1. The difficulty in this case has entirely arisen owing to the ambiguity in the language used by the Commissioner in passing his order on the petition. The second paragraph of his order was on the face of it capable of the construction that he had held in the circumstances of this case that where any sum of money passed from a foreign business to the head-quarters of the firm in British India it must be regarded as profits and that no evidence was admissible to show-that in fact it was something else. We are satisfied that the Commissioner did not mean to say that, but merely meant to say that he thought that where money was remitted from abroad to the head-quarters in British India, the natural inference would be that such remittances came out of profits rather than capital until the contrary was shown by the assessee. The claim here was that a large portion of the amount remitted from Seranda to Karaikudi was a re-payment of capital lent long years before or at any rate was profits outside the three years' limit which would not under the law be assessable in British India. The Commissioner heard this contention and was not satisfied that the assessee had made out his case and he was entitled to take that view. That the onus of proof rested upon tie assessee appears to be amply borne out by the case of Scottish Provident Institution v.
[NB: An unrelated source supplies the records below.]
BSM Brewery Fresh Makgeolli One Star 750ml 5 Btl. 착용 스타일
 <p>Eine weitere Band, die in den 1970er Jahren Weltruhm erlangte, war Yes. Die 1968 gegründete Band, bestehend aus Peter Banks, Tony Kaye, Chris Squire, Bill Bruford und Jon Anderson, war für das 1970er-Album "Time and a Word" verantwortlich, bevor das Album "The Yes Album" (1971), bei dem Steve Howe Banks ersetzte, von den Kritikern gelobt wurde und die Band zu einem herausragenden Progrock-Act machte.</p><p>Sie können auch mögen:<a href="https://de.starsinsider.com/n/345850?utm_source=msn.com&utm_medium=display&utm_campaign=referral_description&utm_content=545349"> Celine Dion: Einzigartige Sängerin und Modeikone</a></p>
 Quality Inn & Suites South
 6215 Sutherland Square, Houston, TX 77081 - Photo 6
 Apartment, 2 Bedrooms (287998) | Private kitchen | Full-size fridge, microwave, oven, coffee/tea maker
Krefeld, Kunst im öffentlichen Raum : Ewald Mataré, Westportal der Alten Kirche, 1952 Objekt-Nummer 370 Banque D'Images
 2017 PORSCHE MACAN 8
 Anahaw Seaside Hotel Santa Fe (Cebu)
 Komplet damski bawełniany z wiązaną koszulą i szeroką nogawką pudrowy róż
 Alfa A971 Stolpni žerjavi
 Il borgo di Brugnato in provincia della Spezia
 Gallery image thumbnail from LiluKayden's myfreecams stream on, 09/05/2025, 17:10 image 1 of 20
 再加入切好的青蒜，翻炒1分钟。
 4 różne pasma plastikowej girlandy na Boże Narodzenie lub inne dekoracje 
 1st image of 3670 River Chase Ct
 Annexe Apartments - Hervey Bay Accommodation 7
Allan 88 L.T. 478 : 67 J.P. 341. That was a case of a Scottish Insurance Company, with branches in Australia, and in dealing with the question whether remittances from Australia to the head office in Scotland were assessable to Income-tax, Lord Halsbury uses the N following language:--'The next question is, whether or not, though earned abroad, the profits have been brought to this country. Here is a large sum sent back. Putting these items together, they must include, and obviously do include, a large amount of profits. It is for the Company to show, if the fact be so, that that remittance ought to be subject to a certain amount of deduction, because a good deal of it was repayment of that which was in truth capital and not profit at all.'
2. The presumption that the Commissioner made in this case, viz., that prima facie all remittances were to be regarded as profits and that the burden of proof was cast upon the assessee to show the contrary, seems to be amply warranted by the authority of that case. As the Commissioner did not misdirect; himself the only questions in the case that remain are purely questions of fact and so long as he has approached them without any misconception in his mind as to how they should be dealt with, his findings are conclusive.
3. The application will be dismissed with costs Rs. 150.